The times were leisurely, and people didn't mind if we trespassed to pick wild berries, fish a brook, find a bunny for a Sunday dinner. Over our lot line to the west an old-growth stand of pine and spruce was to be my Sherwood Forest, and I roamed there with Robin Hood. We robbed rich people to give to the poor for five good miles before we came to a road. It was always twilight under the trees and I'd start home for supper and find the sun was still high.

Let me say that in 1918 Mr. L.L. Bean had started his mail-order business, but it was not big enough yet to have changed the town. He was still a partner with his brother Guy in the gents' clothing store at the Corner, L.L. & G.C. Bean. In the basement they had a shooting gallery that did business as the Freeport Rifle Club.

So we moved from Massachusetts and got settled somewhat in the new house, and Dad took off for his week-long run on the mail train, and Mom and we children would see him next week. When he came home my mother was wound up and chattered away, "Oh, Frank!
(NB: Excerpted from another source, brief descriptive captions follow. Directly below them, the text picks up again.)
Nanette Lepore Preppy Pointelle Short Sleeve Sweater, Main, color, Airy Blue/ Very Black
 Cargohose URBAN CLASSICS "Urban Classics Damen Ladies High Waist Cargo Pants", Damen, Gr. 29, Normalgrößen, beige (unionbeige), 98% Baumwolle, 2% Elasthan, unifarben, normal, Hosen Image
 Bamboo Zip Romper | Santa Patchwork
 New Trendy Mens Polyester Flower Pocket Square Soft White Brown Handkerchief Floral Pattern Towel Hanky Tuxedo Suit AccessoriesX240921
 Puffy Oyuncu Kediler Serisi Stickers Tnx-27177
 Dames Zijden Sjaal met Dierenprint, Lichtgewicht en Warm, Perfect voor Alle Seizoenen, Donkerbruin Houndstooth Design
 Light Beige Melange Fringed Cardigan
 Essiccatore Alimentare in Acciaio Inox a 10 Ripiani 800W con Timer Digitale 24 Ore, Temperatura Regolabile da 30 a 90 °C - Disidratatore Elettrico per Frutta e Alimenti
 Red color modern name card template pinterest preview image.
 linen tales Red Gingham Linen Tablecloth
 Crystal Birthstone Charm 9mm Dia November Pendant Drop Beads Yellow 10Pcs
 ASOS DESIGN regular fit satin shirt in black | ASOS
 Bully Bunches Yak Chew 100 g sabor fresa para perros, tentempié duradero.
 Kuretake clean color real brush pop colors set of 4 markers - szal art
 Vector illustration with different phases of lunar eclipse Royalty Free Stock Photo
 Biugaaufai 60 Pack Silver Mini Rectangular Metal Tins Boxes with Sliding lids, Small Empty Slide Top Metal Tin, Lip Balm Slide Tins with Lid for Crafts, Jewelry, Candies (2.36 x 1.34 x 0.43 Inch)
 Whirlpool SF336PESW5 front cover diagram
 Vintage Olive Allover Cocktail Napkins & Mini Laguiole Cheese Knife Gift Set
You have no idea! I haven't been alone except night times! They come by two and three, and when somebody goes, somebody else comes. Every woman in town has called. It's not like the city! Everybody's a friend! They come and make my breakfast and leave when supper's ready. Everybody brings something. I've got jelly and pickles enough for years. They won't let me lift a finger! They're making me a log-cabin quilt for the baby's crib. Look at all the flowers on the sideboard!"

So my mother was welcomed to Freeport, and the summer ran along and her days were accomplished. On the morning of Aug. 24 I was wakened about daylight by a commotion.

The house was full of Freeport women, running about in one another's way. Mrs. Curtis, the next-door lady, seemed in charge and was everywhere at once. When she saw I was awake, she came to whisper that everything was all right and she'd have breakfast ready in a little while. "Try to go back to sleep."

Then the commotion woke my sister, and she came to jump on my bed and bawl like a train whistle. Mrs. Curtis called, "Close your trap! We got enough to do 'thout harkin' to your clack!" Then my father came into my room and Mrs. Curtis told him, "Git out from under foot! Go to the barn! I'll get breakfast on the table and call you!"

My sister quieted, and I guess we dozed. Our brother, Frank, had slept through all this in his crib and didn't know yet that he was being replaced as family baby. Mrs. Curtis got us to the kitchen, and we ate breakfast before she let us go back upstairs to see our new sister.

Our father came in from out back of the barn, and he had a stem of goldenrod in his hand, newly opened and wet with August morning dew. It was the first goldenrod blossom of the year. Dad led us up to see Mom and the baby, and he kissed Mom on the forehead and put the stem of goldenrod in her hand. She said,"Oh, Frank! A bouquet! You shouldn't have! Isn't our daughter beautiful?"

I looked at my baby sister for the first time and she looked pretty good to me. She still does. She may amount to something yet.